Be it to acquire a van for local deliveries or a state-of-the-art POS system for a shop, an operating lease gives businesses access to high-end equipment and high-ticket items they would otherwise not be able to afford outright.
What’s an operating lease?
An operating lease is a short to medium term finance agreement (typically 12 to 24-months, although some can extend up to 60 months) where a business hires or rents an asset from a finance company. The lessor retains all rights of ownership, so the risk and rewards of owning the asset stay with the lessor. In simpler words, an operating lease is an agreement to rent an asset without a buyout option.
The benefit to the business is it gets to use the asset for a fixed fee and upgrade and replace whatever the asset is at the end of the agreement. The business will also pay less over the term than they would with a hire purchase because they are only paying off a fraction of the total price of the asset. This is because a residual value is built into the agreement. This can be as much as 40% of the asset purchase price.

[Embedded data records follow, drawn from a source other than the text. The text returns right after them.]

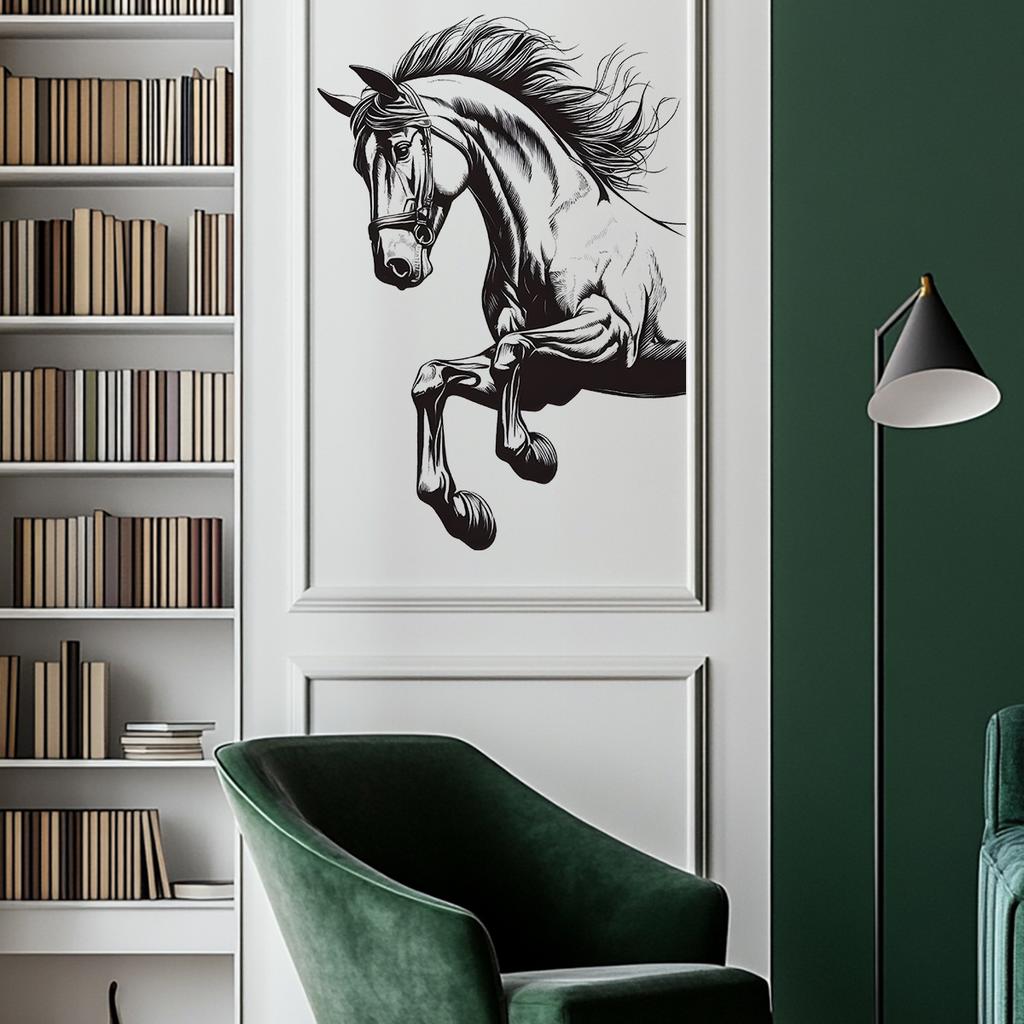 Realistic Horse Wall Sticker Kids Room Bedroom Background Decoration Self-Adhesive Home Decor Wall Art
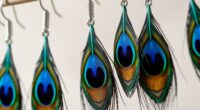 elegant peacock feather earrings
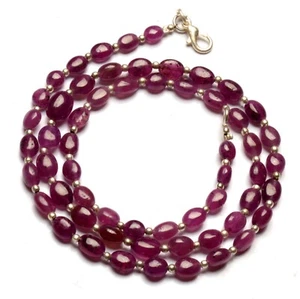 Natural Ruby Gemstone 6 to 8 mm Size Smooth Nugget Shape Beads 20.5" Necklace - Picture 1 of 10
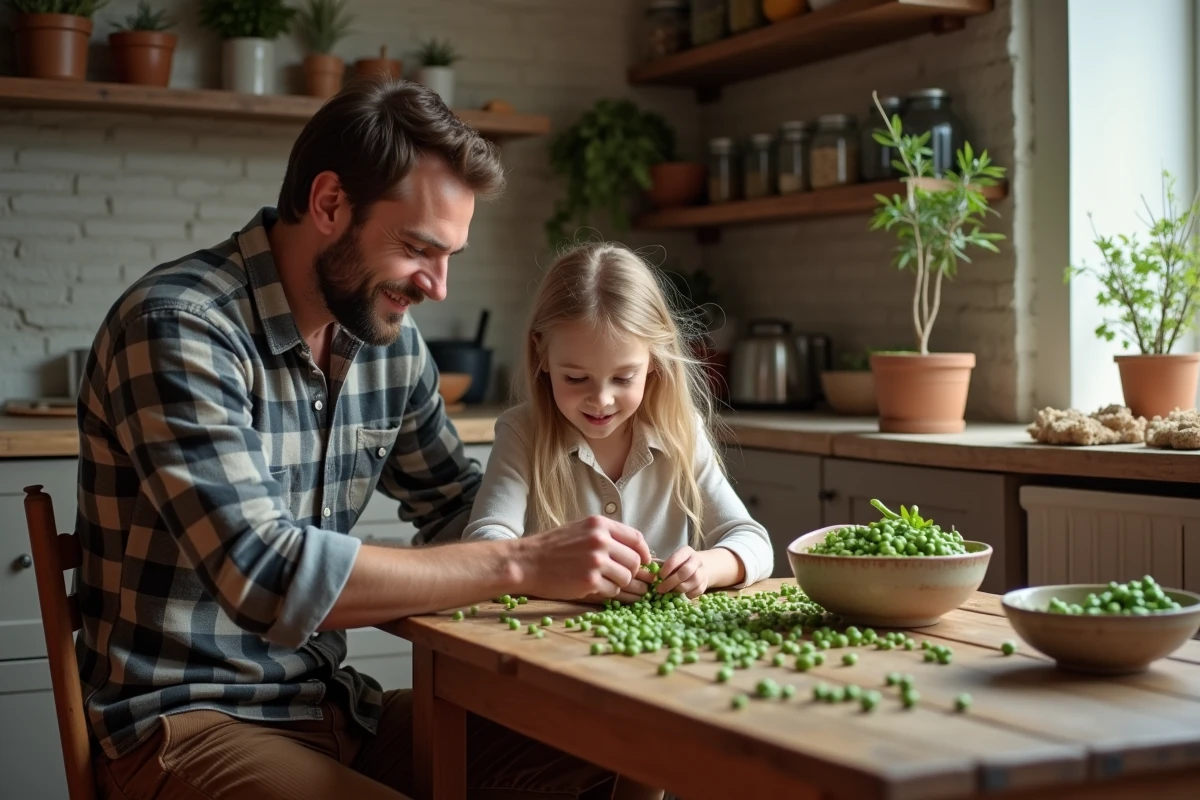 Père et fille égrainant des pois à la cuisine
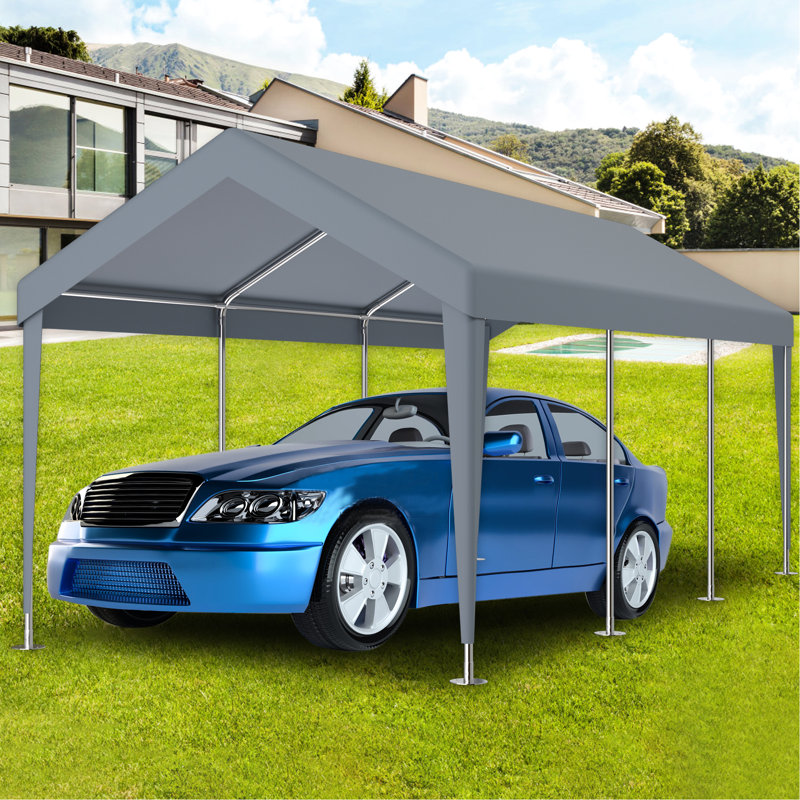 Housse de remplacement pour abri de garage 12 X 20 pi - Protégée et imperméable. 76 boucles élastiques. Polypropylène gris. Installation et rangement sans effort. Polyvalent pour les environnements extérieurs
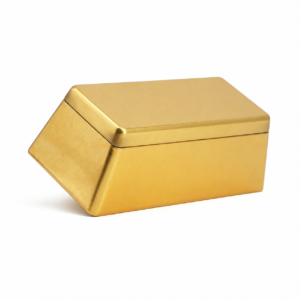 Custom gold bar shaped tin box for gift packaging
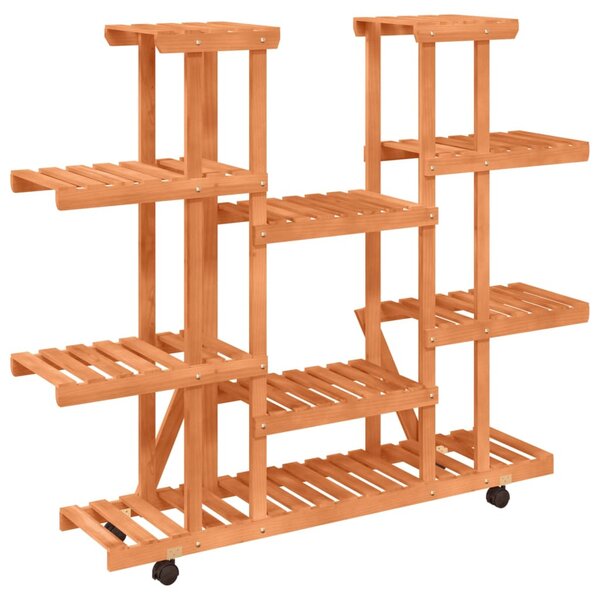 Tömör fenyőfa virágtartó állvány kerekekkel 110 x 25 x 115 cm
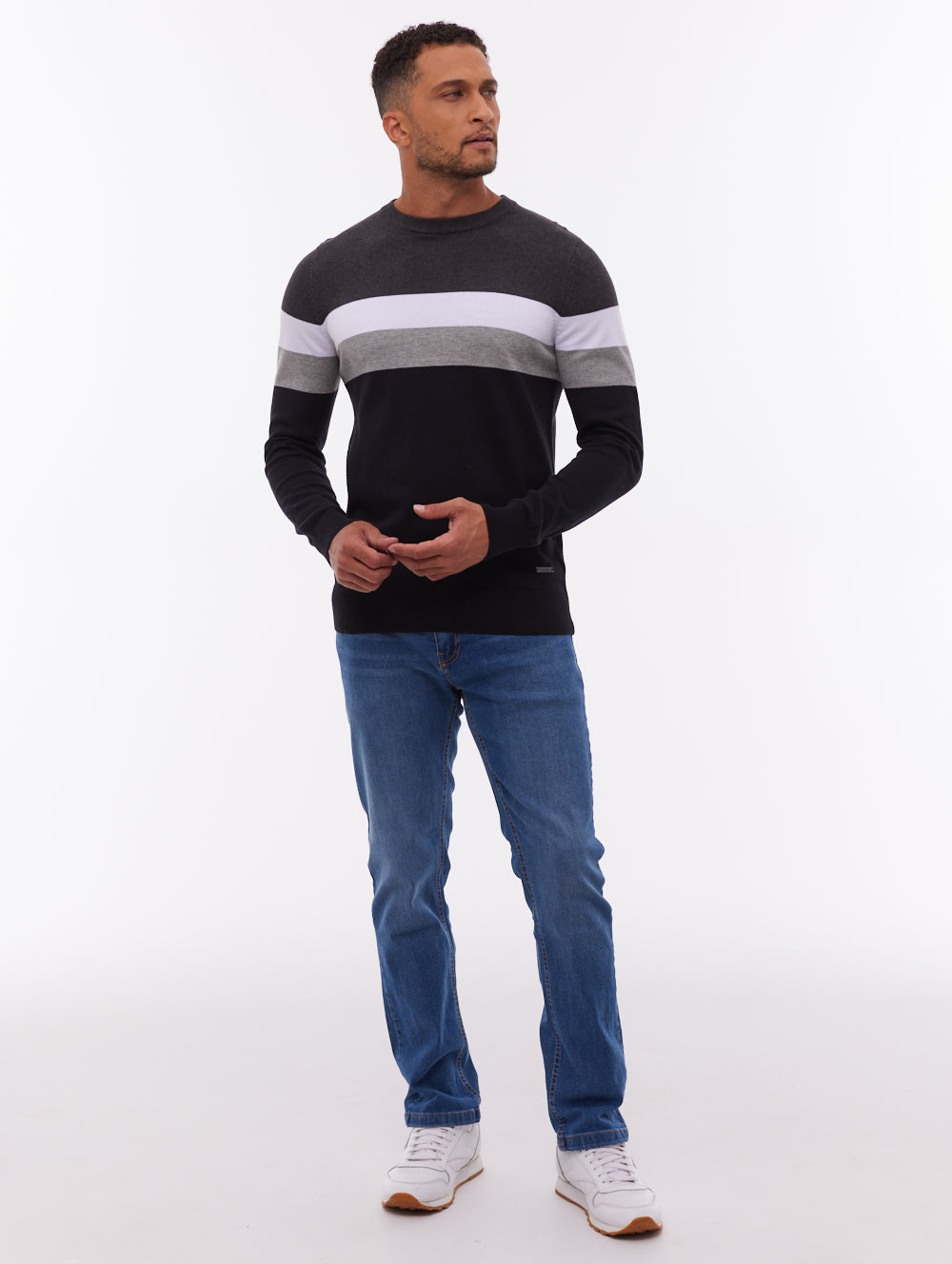 Jayani Black BK001 Knit Crews Striped Colourblock Shot 2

The downside is the business will never own the asset, although whether or not this is actually a downside depends on the needs of the business and the asset in question. Some assets, like commercial vehicles and upgradeable technologies, are prime candidates for an operating lease because they eliminate the risk of unpredictable resale and residual values, which stay with the lessor indefinitely.
What are the use cases?
An operating lease is a good option for purchasing an asset you do not want to own, because you only pay for the proportion of its life you rent it over. In contrast, a hire purchase is a good option for purchasing an asset you do want to own because it allows you to spread the cost to make it affordable.
Operating leases are widely used in retail to buy state-of-the-art POS systems, consumer technologies like tablets and automated checkout systems. Vehicles like delivery vans, cars, scooters and bicycles can also be purchased on an operating lease because these assets have a finite lifecycle. If your retail business makes use of technologies or assets which are replaced every few years or sooner, an operating lease fits.
We would say if your business requires high ticket equipment which will be upgraded or that which you cannot afford to buy outright, an operating lease is a viable finance option available to your business. The key thing to remember is you will effectively rent the asset without a buyout option. If that works for you, look into it.